Pictures with short captions
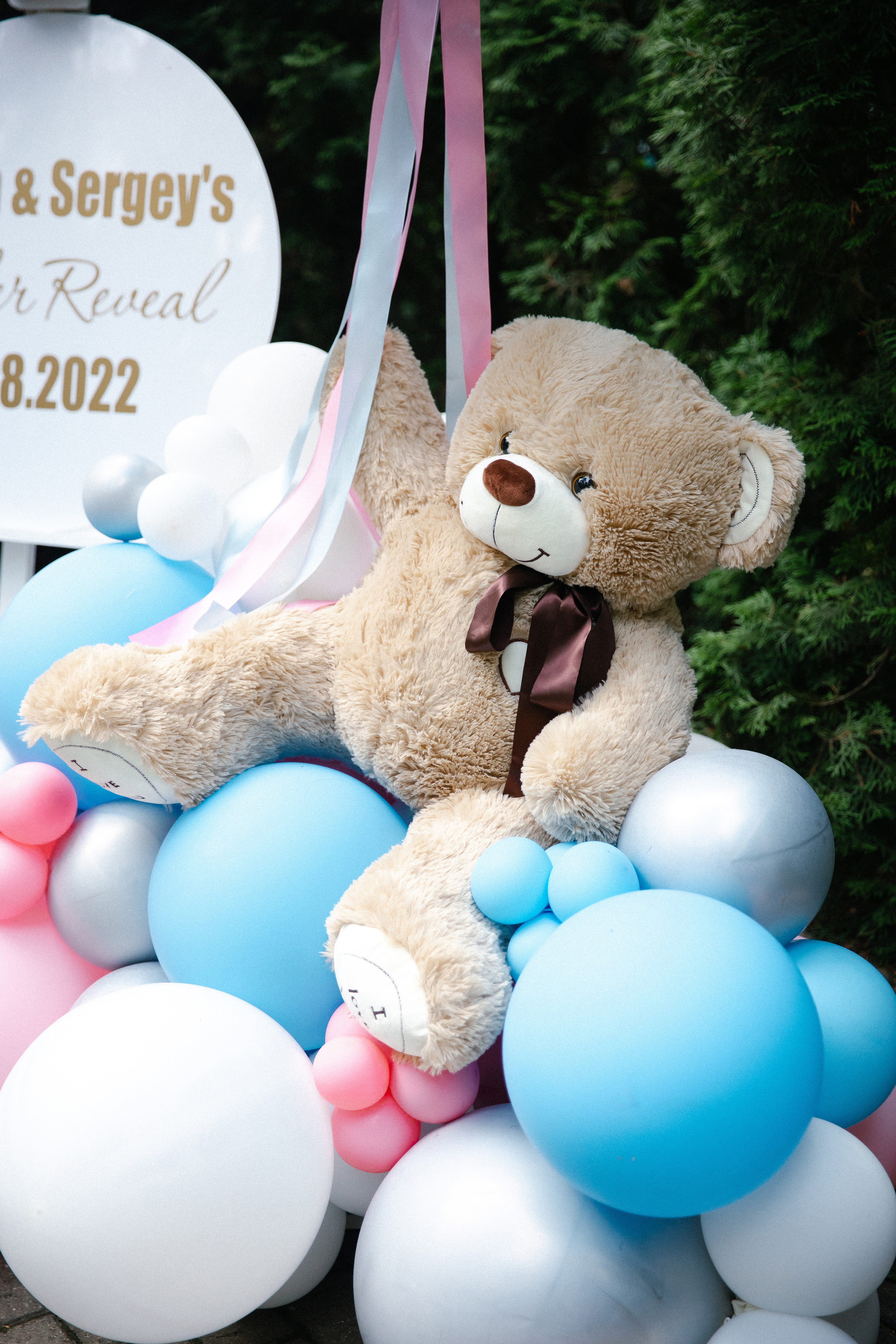 Девочка или мальчик?. Анастасия Мелёхина Фотограф Москва, Свадебный фотограф Москва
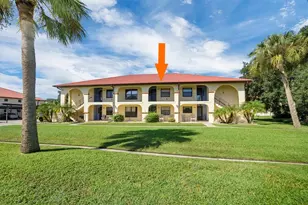 2909 Granada Ct, Lake Wales, FL 33898 - Photo 1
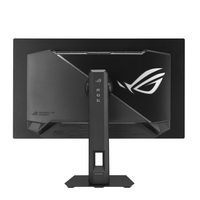 ASUS ROG Strix OLED XG27UQDMS - 27" 4K (3840x2160)Tandem... - 3 ASUS ROG Strix OLED XG27UQDMS - 27" 4K (3840x2160)Tandem... - 3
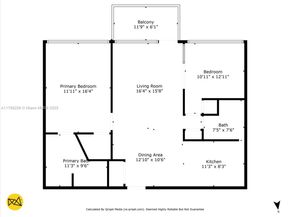 5225 Collins Ave 1117, Miami Beach FL 33140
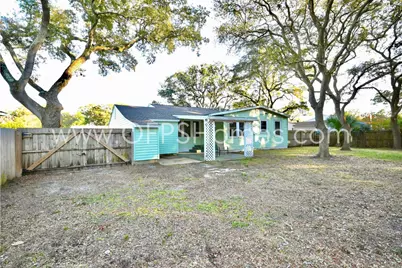 305 NE Okaloosa Road NE, Fort Walton Beach, FL 32548 - Photo 5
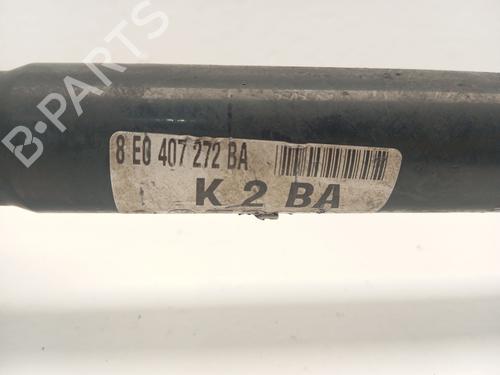 Right front driveshaft AUDI A4 B7 Avant (8ED) 3.0 TDI quattro | BP36986735M39 - Image 4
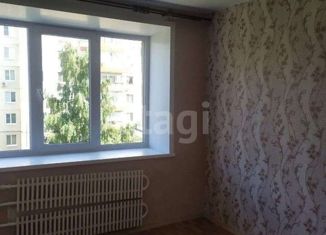 Продаю 1-ком. квартиру, 18 м2, Липецк, Западная улица, 44, Советский район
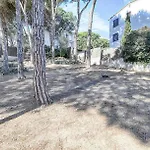 Bonita Planta Baja Muy Centrica Con Parking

■ Work task: Because only one stretch of the records is wanted, please output the lines from the one holding "(3840x2160)Tandem... - 3 ASUS" through the one holding "Right front driveshaft" exactly, both included, and leave every picture out.

■ Exercise answer:
 ASUS ROG Strix OLED XG27UQDMS - 27" 4K (3840x2160)Tandem... - 3 ASUS ROG Strix OLED XG27UQDMS - 27" 4K (3840x2160)Tandem... - 3
 5225 Collins Ave 1117, Miami Beach FL 33140
 305 NE Okaloosa Road NE, Fort Walton Beach, FL 32548 - Photo 5
 Right front driveshaft AUDI A4 B7 Avant (8ED) 3.0 TDI quattro | BP36986735M39 - Image 4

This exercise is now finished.